Successful website archiving is contingent on a harvester visiting each URL that forms the work. If a full list of URLs is not supplied to the harvesting tool via a sitemap or through other configuration, automation may be used to discover the URLs. Automated website crawling tools can easily identify the target of simple HTML <a> or <link> tags with a relative or full URL, and will include them in a crawl. Many websites, however, use JavaScript actions to fetch content. Crawlers may not be able to identify the URLs that are loaded by JavaScript causing the content to be missed during an automated archiving process. Similarly, hyperlinks that are within compiled features e.g. compiled 3D visualizations, can be difficult or impossible for a crawler to discover. When designing web content, consider the value of using simple HTML links so that crawlers can identify the URLs that make up a work. Note that as with <link> tags, the target URLs of <a> tags will likely be crawled even if they do not display text on the page, and so they can be used to guide a crawler to relevant content. Conversely, a crawler cannot determine which of these tags link to content that is not vital to the work, and so using these tags for other purposes or having hidden link tags that are never used can guide the crawler to things that may be out of scope for an archived copy of the publication, such as previous or unused iterations of a page.

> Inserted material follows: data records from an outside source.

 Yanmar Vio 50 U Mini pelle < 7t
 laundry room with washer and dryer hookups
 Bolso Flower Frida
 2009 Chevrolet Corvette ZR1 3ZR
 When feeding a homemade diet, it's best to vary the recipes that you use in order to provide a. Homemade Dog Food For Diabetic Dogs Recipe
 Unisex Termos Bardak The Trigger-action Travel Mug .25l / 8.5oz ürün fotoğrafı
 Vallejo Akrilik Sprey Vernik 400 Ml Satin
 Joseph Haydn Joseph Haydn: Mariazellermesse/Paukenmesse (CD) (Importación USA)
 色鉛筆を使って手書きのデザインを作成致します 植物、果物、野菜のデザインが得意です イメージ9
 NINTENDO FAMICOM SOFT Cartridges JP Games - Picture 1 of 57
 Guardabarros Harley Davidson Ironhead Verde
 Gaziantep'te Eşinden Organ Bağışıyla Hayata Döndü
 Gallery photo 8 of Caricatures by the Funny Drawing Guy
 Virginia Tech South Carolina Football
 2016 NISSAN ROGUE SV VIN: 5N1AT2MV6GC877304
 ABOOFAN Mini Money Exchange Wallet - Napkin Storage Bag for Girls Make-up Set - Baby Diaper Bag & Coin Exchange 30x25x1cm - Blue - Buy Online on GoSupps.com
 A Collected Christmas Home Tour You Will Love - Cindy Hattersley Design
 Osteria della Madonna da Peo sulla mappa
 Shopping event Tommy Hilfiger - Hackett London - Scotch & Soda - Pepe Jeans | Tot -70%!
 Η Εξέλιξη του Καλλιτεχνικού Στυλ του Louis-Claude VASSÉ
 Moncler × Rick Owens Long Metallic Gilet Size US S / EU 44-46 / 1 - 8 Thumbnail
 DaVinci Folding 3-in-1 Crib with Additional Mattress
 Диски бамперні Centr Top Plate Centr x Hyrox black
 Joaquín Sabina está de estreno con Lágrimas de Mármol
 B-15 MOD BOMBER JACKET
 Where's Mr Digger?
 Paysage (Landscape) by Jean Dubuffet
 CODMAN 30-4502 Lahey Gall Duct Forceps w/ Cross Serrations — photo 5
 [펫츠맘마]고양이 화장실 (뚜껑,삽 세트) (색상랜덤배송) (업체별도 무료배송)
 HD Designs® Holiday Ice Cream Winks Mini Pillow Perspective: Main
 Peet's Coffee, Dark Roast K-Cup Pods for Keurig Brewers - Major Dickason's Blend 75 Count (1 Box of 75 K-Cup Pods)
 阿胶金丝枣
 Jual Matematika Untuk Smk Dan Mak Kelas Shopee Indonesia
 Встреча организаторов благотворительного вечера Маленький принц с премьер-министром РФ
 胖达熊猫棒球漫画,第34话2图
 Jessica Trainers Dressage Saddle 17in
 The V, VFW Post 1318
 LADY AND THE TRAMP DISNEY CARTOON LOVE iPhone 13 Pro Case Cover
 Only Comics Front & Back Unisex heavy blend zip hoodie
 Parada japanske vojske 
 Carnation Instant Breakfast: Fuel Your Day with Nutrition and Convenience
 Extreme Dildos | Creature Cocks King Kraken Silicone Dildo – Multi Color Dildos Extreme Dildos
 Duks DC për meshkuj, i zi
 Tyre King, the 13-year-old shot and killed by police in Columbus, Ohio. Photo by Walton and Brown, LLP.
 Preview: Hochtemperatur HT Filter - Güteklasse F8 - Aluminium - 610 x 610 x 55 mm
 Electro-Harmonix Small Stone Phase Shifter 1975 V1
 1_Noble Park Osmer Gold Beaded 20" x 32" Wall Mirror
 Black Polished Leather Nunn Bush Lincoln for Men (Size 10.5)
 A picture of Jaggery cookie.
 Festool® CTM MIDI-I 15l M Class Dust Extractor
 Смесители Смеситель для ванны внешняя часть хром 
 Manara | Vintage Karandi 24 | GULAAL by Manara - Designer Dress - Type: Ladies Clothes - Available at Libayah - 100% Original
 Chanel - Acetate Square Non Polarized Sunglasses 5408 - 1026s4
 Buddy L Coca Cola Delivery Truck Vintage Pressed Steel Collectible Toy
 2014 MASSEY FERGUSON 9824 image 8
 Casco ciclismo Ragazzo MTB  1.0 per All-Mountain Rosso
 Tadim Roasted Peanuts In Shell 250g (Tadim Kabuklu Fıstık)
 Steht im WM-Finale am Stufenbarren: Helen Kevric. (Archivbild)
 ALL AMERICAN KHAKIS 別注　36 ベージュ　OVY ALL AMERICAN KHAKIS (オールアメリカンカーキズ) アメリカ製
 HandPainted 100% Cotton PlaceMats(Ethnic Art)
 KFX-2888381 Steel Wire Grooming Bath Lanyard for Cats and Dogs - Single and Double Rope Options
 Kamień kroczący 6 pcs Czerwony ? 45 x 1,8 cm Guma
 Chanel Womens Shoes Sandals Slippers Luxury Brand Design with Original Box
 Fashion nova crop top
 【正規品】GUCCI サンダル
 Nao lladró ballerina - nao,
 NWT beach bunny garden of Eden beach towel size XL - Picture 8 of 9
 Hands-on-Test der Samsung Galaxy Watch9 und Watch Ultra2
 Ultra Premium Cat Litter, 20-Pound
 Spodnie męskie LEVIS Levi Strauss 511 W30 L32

This guideline may make changes for efficient crawling less critical:
43. Include a sitemap for all web-based publications
In an earlier version of the Manifold platform, the HTML for some of the buttons/links that are used to navigate the project were coded in a way that a web crawler would not be able to discover the target page of the link. Because web crawlers could not find these pages, portions of Manifold projects could be missing from a web archived copy. Web archive tools typically crawl a website by finding <a> tags in the HTML and then using the href= value of this tag to identify other pages that should be archived. Originally, the buttons that were used to page through the resources associated with a project in Manifold were all coded using <a href=”#”>. Clicking on this tag triggered some JavaScript that loaded the next set of resources into the page. This works fine for a human user, but for most web archive tools, this would lead them to retrieve the page https://{domain}/resources# instead of the various numbered resource pages that a user would see. In this case it resulted in only the first resource page being discovered for the archived version—the subsequent pages were not discovered, and so nor were the resources that were linked on those pages. After feedback from the embedding team, these links were re-coded to be in the format <a href=”?page=2”> which leads to a URL that can be visited by a web crawler and also bookmarked by human users, e.g., https://{domain}/resources?page=2. In another part of the system, instead of using <a> tags, the code used <div> tags that were styled to look like buttons and had onclick() actions in JavaScript that loaded new content. A web crawler looks for <a> tags to identify links, but <div> tags have many uses and a crawler would not “know” to click on one to reach new content, so these pages would be missed by web archive tools. These were changed to use the format <a href=”/projects/path-to-page”> that is understood by a web crawler. The content on those pages can now be automatically discovered and archived by a web crawler.